Taken from a decision in a comment below:
Just discussed this and other options for installing Spark 3 with @JAllemandou and @Antoine_Quhen.
Create a new debian packaged 'conda base env' with the intention of using this to replace anaconda-wmf as described in T302819: Replace anaconda-wmf with smaller, non-stacked Conda environments. We can install all of this on the analytics-test-hadoop cluster while developing and testing, and also on the analytics-cluster alongside our current installation of Spark 2 and anaconda-wmf, with the aim of eventually deprecating both of those.
For now, we will focus on using the new conda base env to upgrade to Spark 3. Later, we will pursue replacing anaconda-wmf with this new conda base env in T302819.
To do this, we need to:
- Figure out how to deal with Hadoop and Hive jars as 'provided' dependencies with latest Spark 3
- Create a new 'debian' repo that uses workflow_utils conda-dist to create a debian packaged conda environment with python3.9 and pyspark 3 installed. The workflow_utils README has a good example of how to set up the python env repo for use with conda-dist. This repo and output conda env debian package will hopefully one day replace anaconda-wmf, so we should come up with a good name for it!

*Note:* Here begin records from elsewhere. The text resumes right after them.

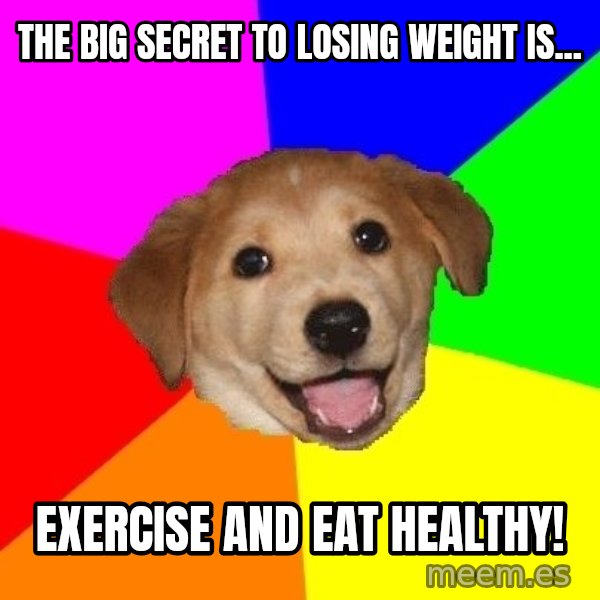 Advice Dog meme: the big secret to losing weight is... / exercise and eat healthy!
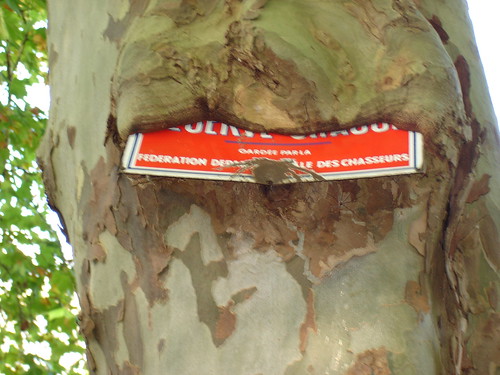 Annexe activité-croissance-bizarre_4428421925_f435d02df0.jpg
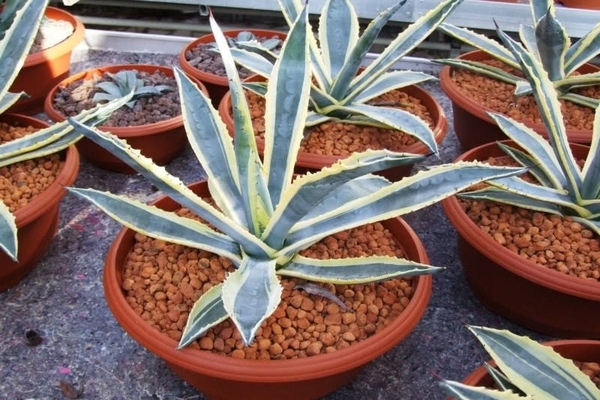 growing conditions for agave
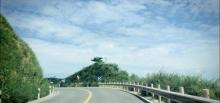 东白山30
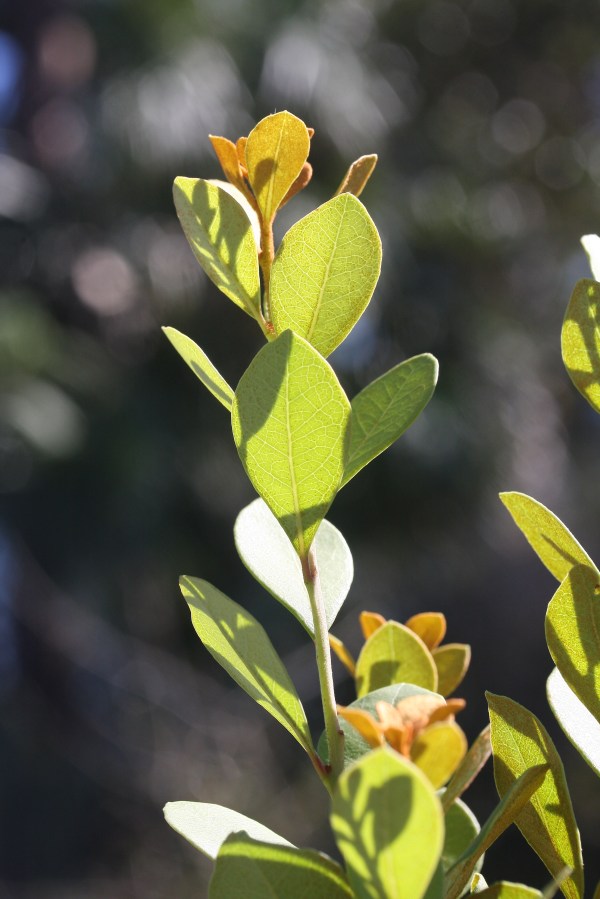 Lyonia vertical
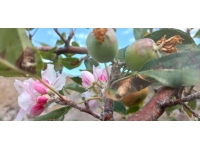 Eylül ayında elma ağacı çiçek açtı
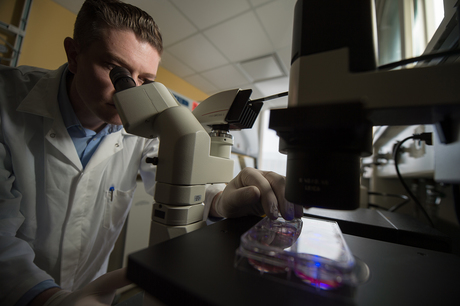 A new kind of stem cell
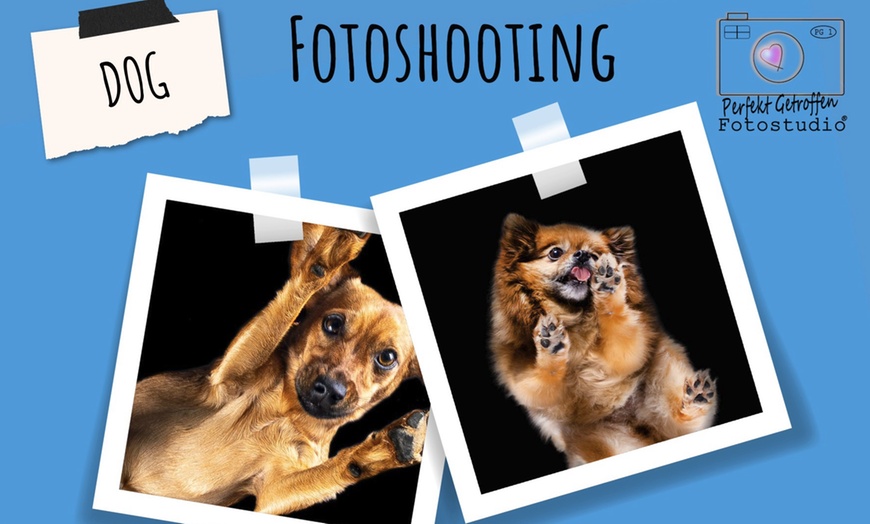 Image 1: "From Below Photo" - Fotoshooting für deinen Hund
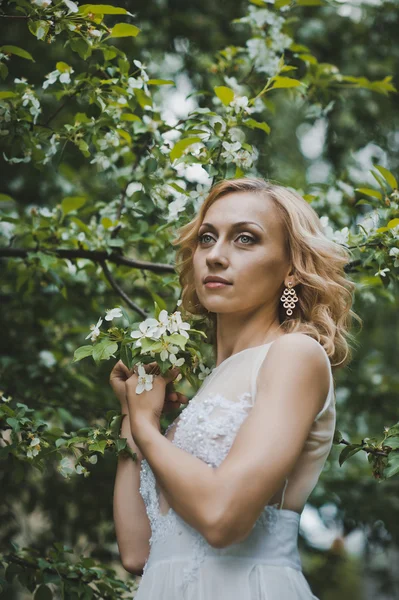 La belle fille dans une robe parmi les arbres en fleurs 3141 . — Photo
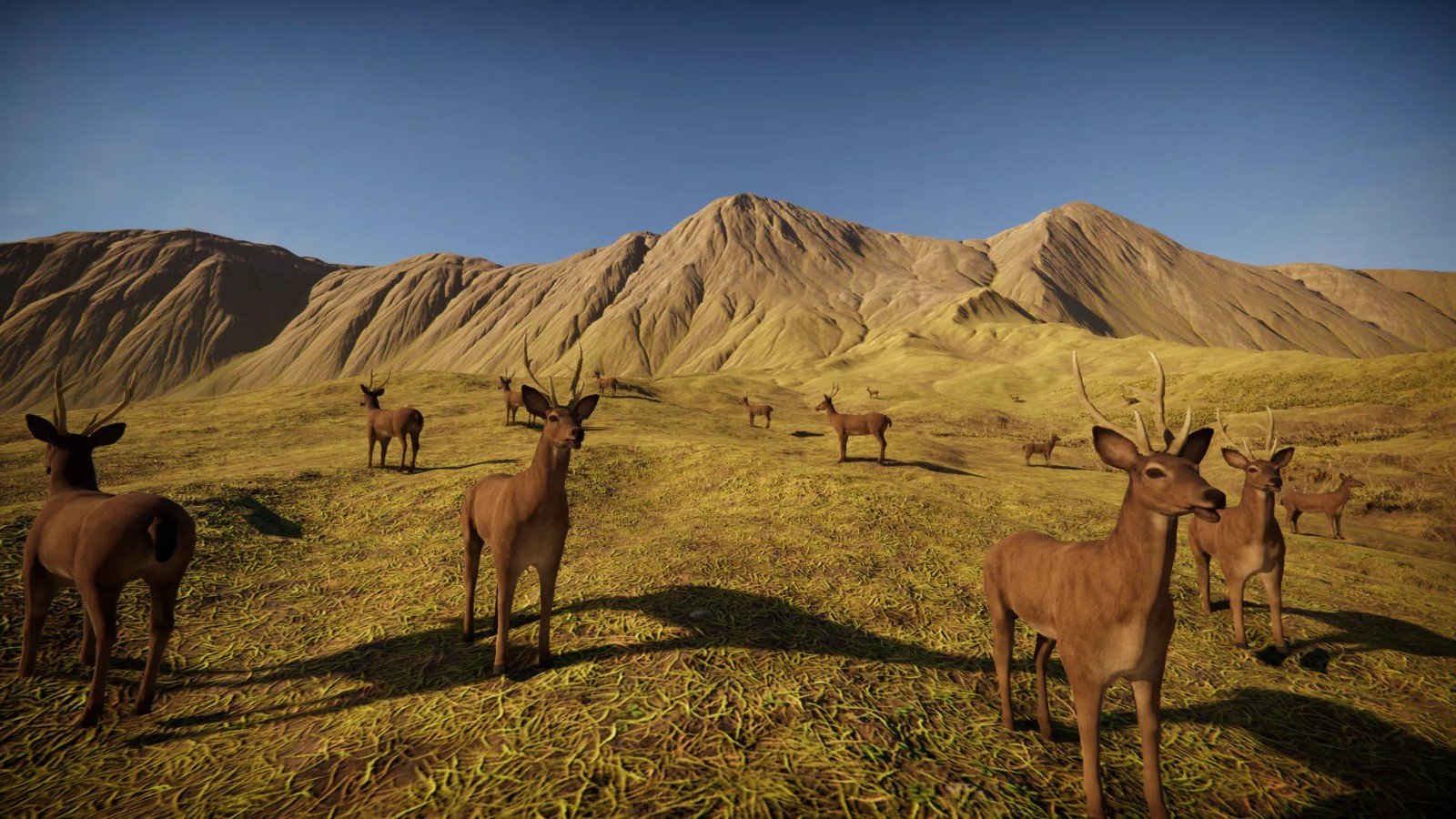 獵鹿森林奔跑(Deer simulator)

- Create the repo with conda-environment.yaml other dependency spec files so that conda-dist can automate the env packaging.
- Create a debian/ dir (with scripts or instructions) that can automate running conda-dist and using the output conda dist env to create a debian package of it. This is basically what the unpack_conda_prep_tar_into_debian_tree and build_debian_package bash functions are doing in the airflow env debianization
- When ready, build the .deb and import to apt.wikimedia.org.
- Write new or adapt puppetization of spark to work with Spark installed in this conda base env. This includes automating uploading of the spark assembly zip file to HDFS, setting spark-defaults.conf and spark-env.sh configurations, making sure that Hadoop and Hive will work properly, etc.